Caption-style text data:
<<<<
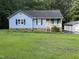 Charming single-Gathering home with light blue siding, dark shutters, and a manicured lawn at 535 Hillcrest Dr, Garner, NC 27529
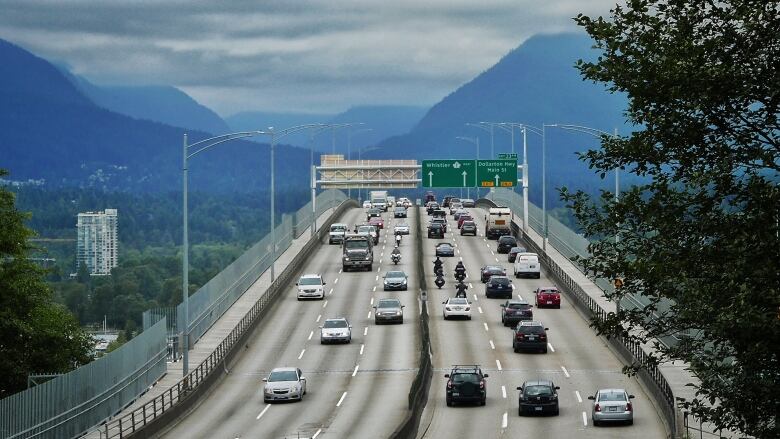 Rows of cars and bikes cross a bridge leading into the mountains.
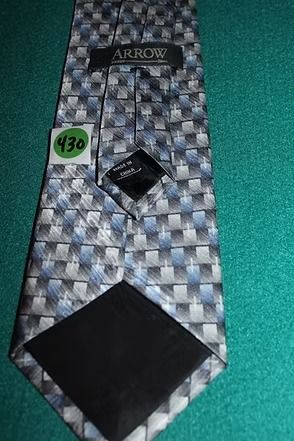 Patterned gray tie on a green background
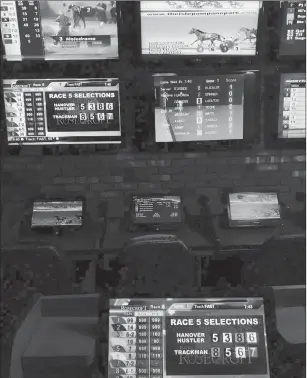  ?? JON LENDER/HARTFORD COURANT ?? Sportech, the operator of off-track betting (OTB) in Connecticu­t, is one of the contenders — along with tribes that operate casinos, gaming giant MGM, the Connecticu­t Lottery Corp., and, potentiall­y, daily sports fantasy companies — to win state approval to run all or part of a new sports wagering system that the General Assembly expects to approve this year. Shown here are OTB screens — displaying gambling venues across the country — at Shea’s Pizzeria and Sports Bar in Manchester.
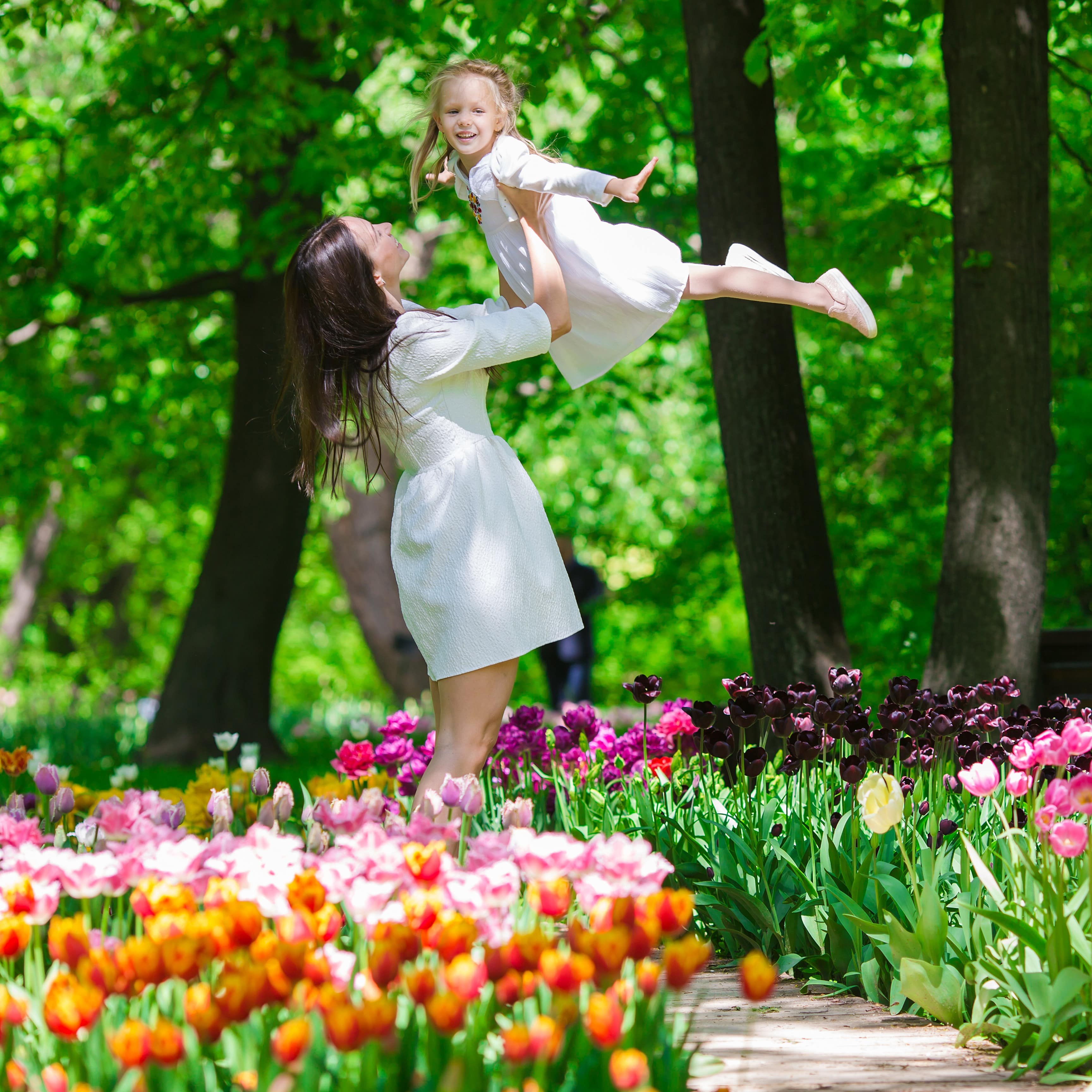 Mother and daughter in tulip garden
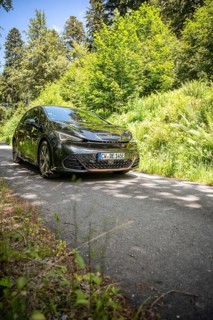 Car driving on narrow forest road surrounded by thick greenery and sunlight, Deer e-car sharing,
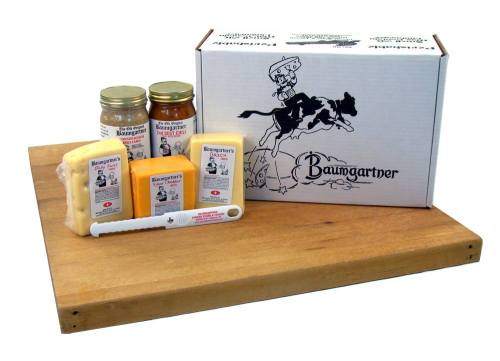 A wooden board displays a box of Baumgartner products, including jars and various cheese blocks.
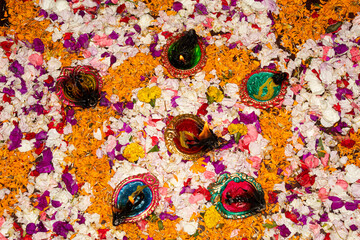 Floor decorated with diyas and flowers on the occasion of diwali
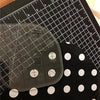 A clear acrylic quilting ruler with corner templates is shown on a black background.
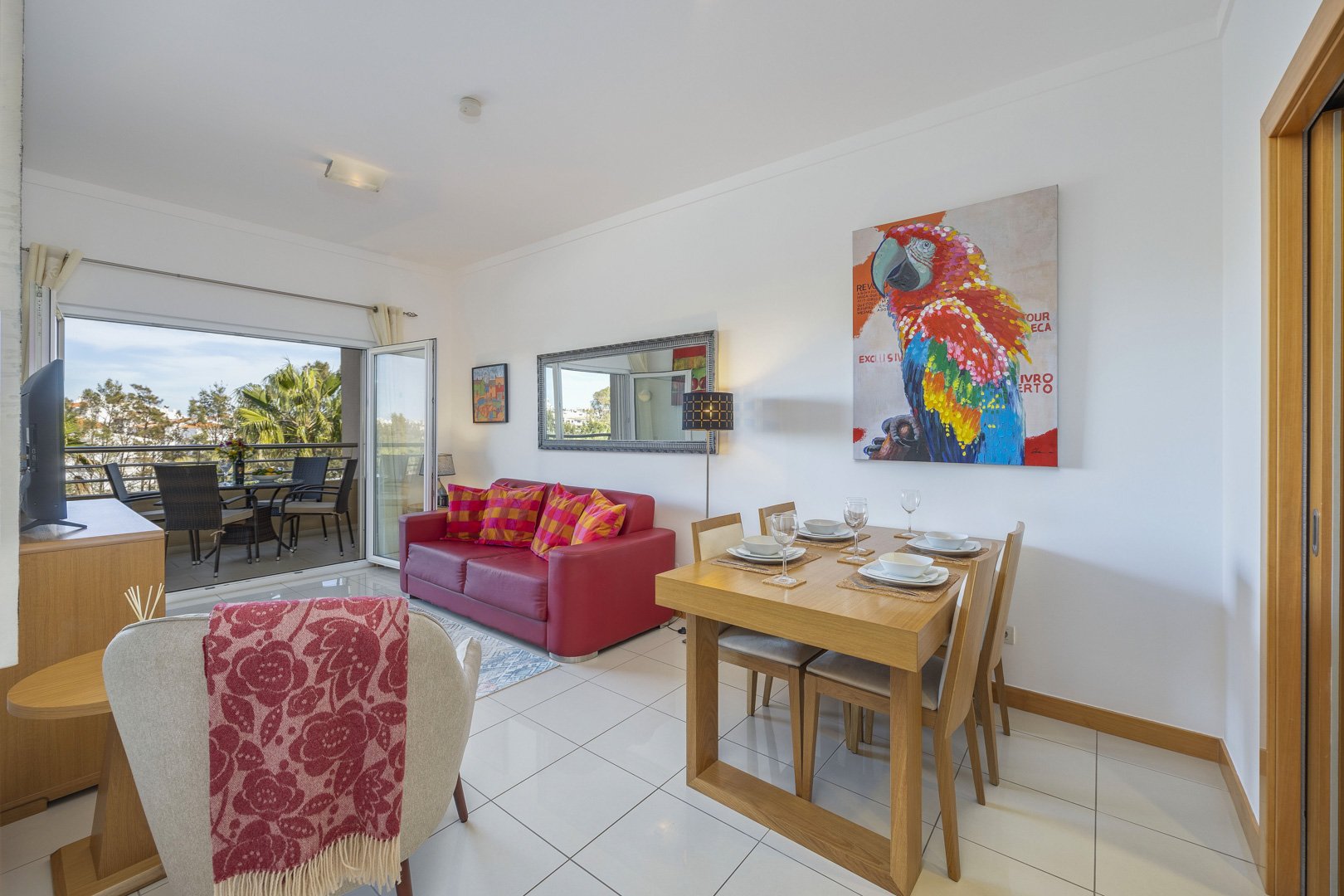Living and dining area with sofa, dining table, and mirror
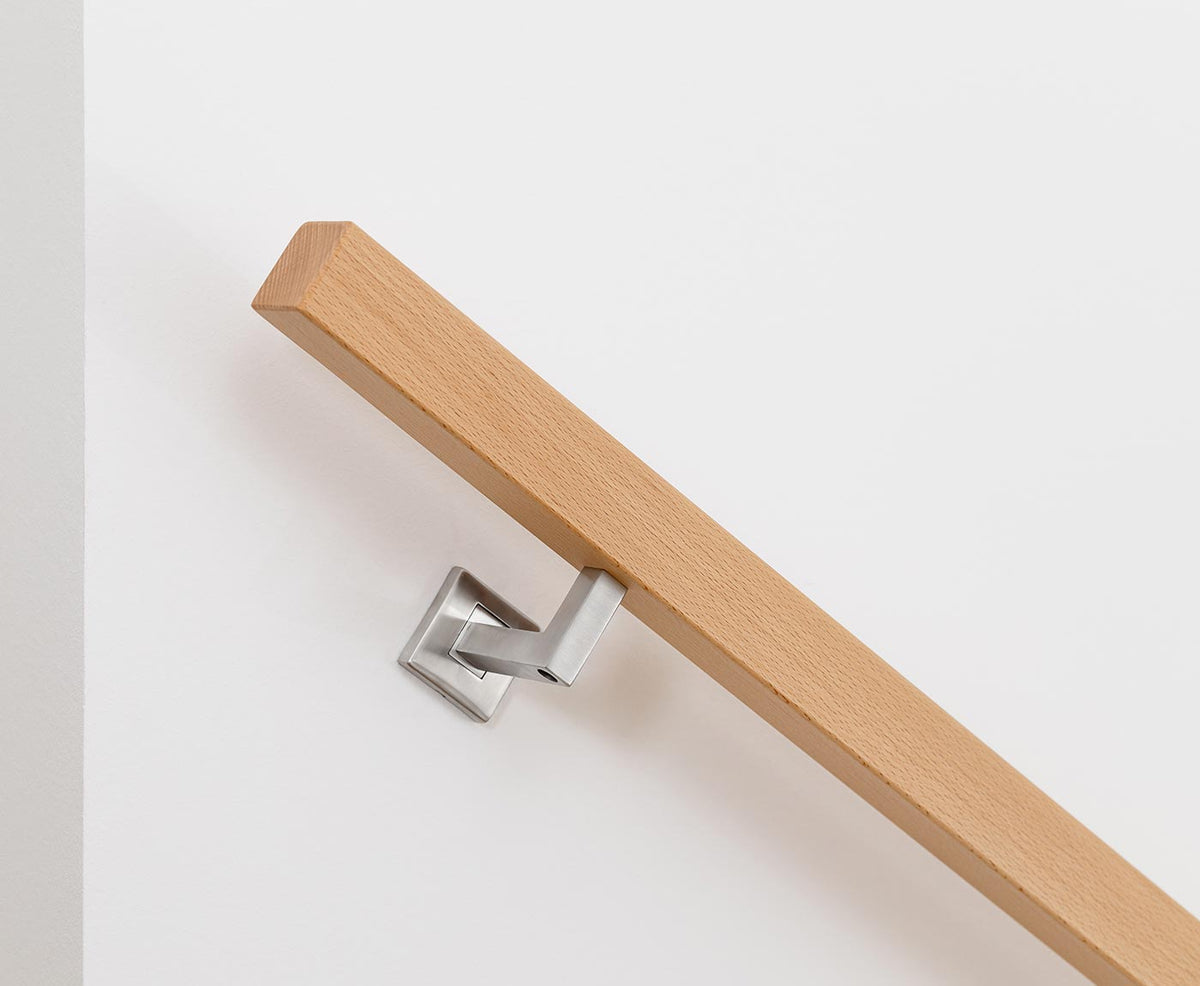 Detailansicht eines quadratischen Handlauf aus Buche, mit modernem Halter aus Edelstahl montiert.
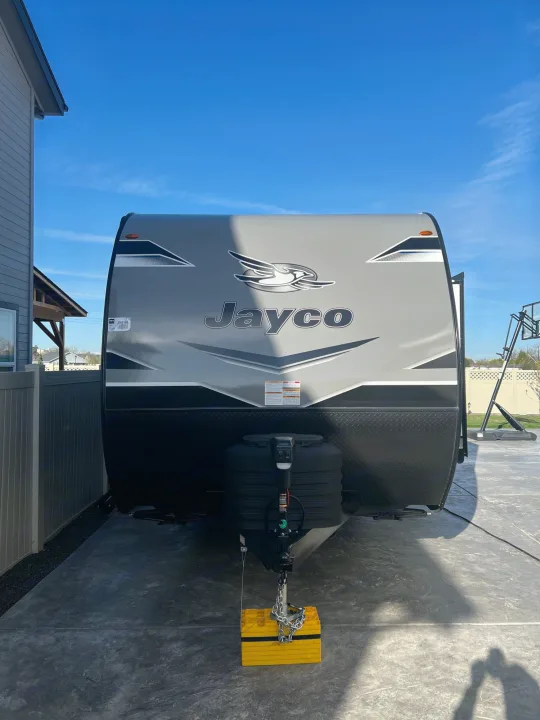 Front view of a parked gray and black Jayco travel trailer, perfect for an rv rental getaway. Bright sky, concrete pad.. Jayco Jayflight 2024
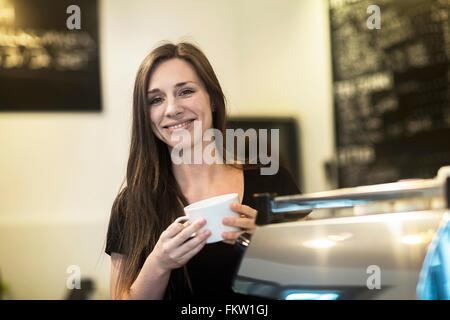 Portrait of young female waitress holding coffee cup in cafe Stock Photo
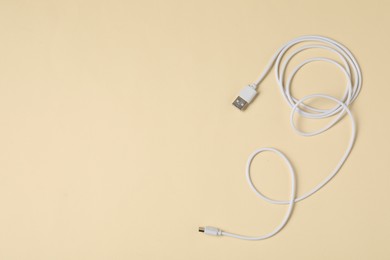 Photo of One USB charge cable on beige background, top view. Space for text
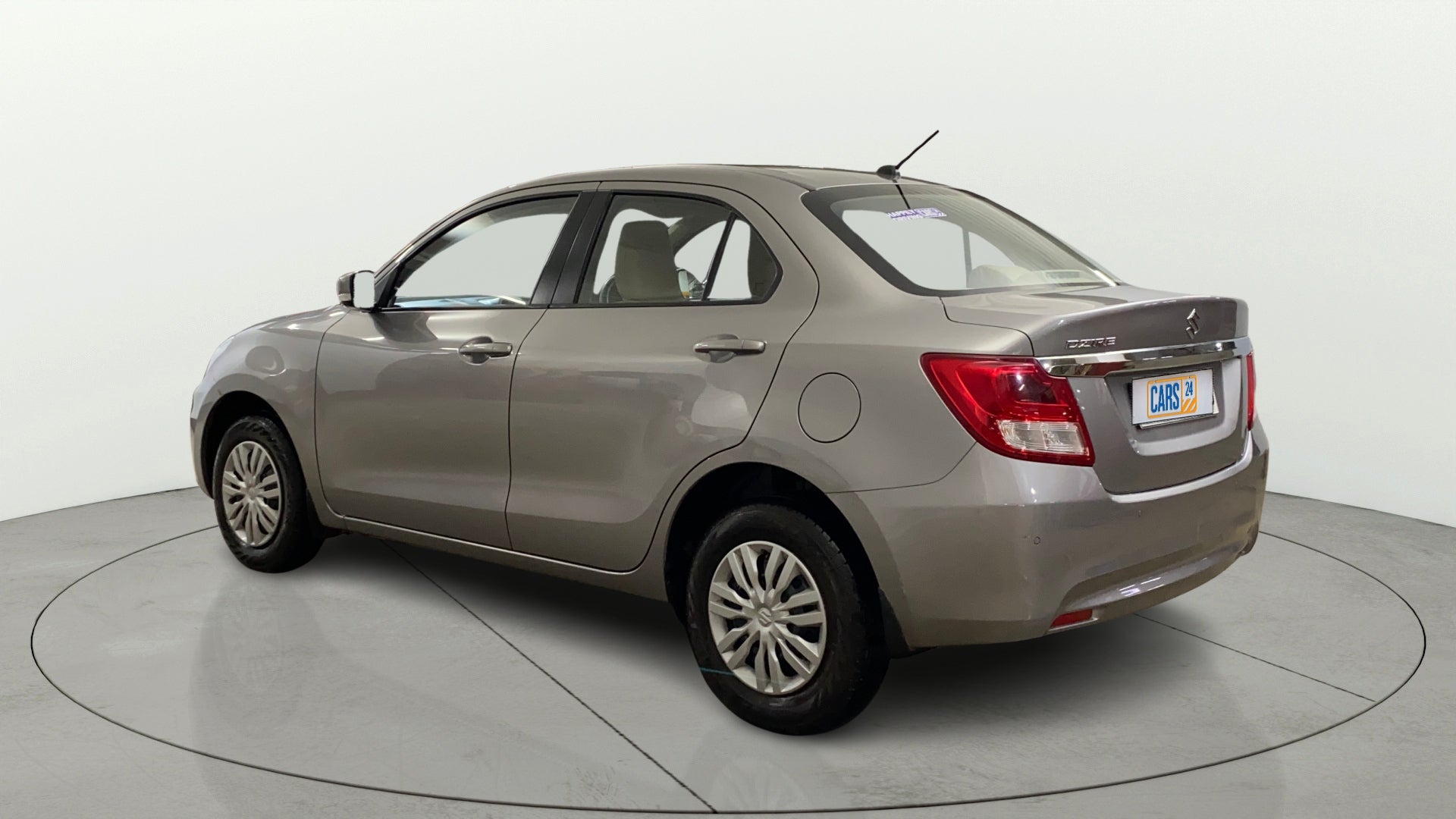 Rear three-quarter view of a Maruti Suzuki Dzire 2018-2023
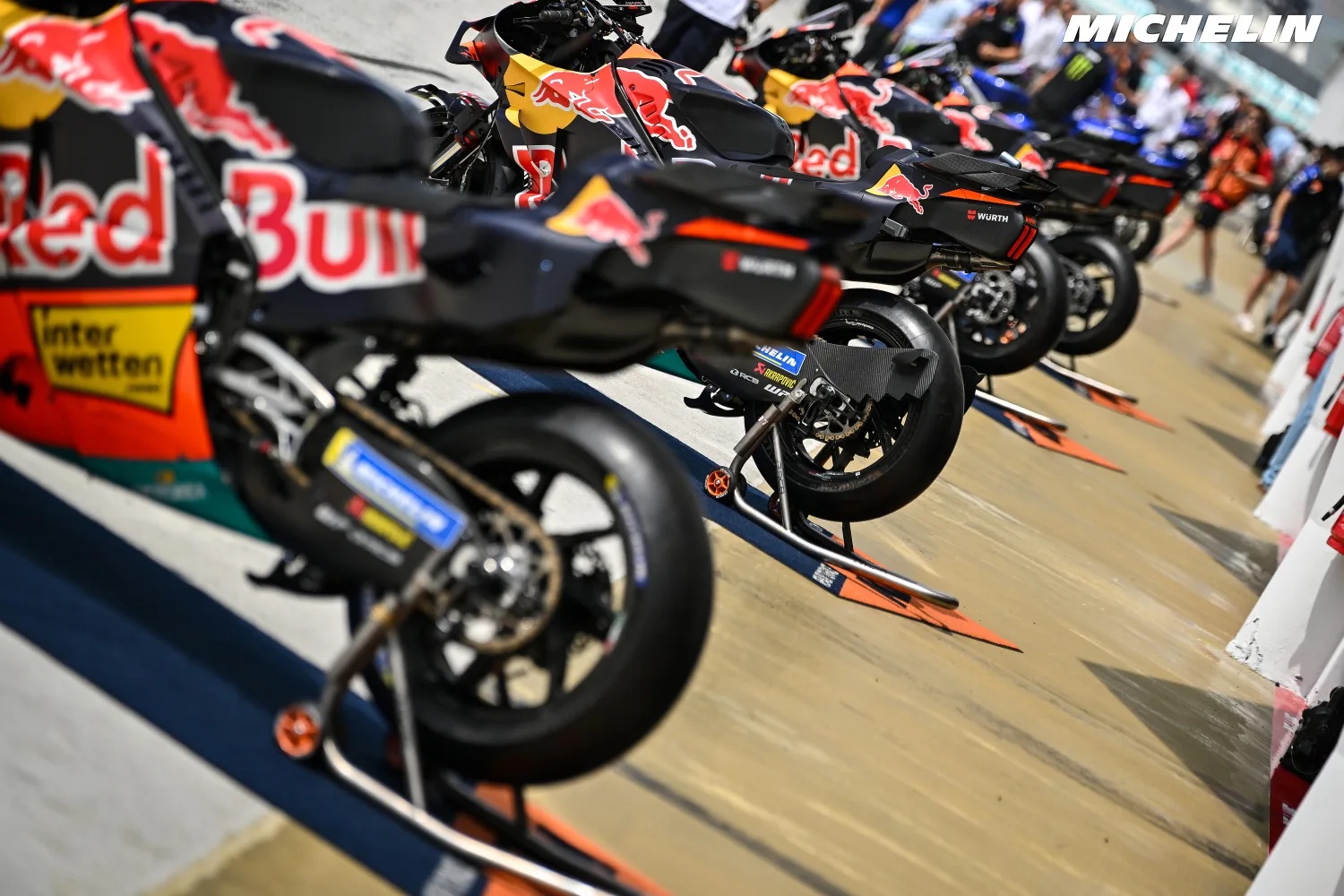 Row of Red Bull-liveried MotoGP bikes on stands in the paddock, with Michelin branding visible, as riders gather nearby.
>>>>
▸ **Exercise**: What's needed is an exact copy of the lines above from the one with "Front view of" through the one with "Rear three-quarter view", both included; the pictures stay out.

▸ **Exercise output**:
 Front view of a parked gray and black Jayco travel trailer, perfect for an rv rental getaway. Bright sky, concrete pad.. Jayco Jayflight 2024
 Portrait of young female waitress holding coffee cup in cafe Stock Photo
 Photo of One USB charge cable on beige background, top view. Space for text
 Rear three-quarter view of a Maruti Suzuki Dzire 2018-2023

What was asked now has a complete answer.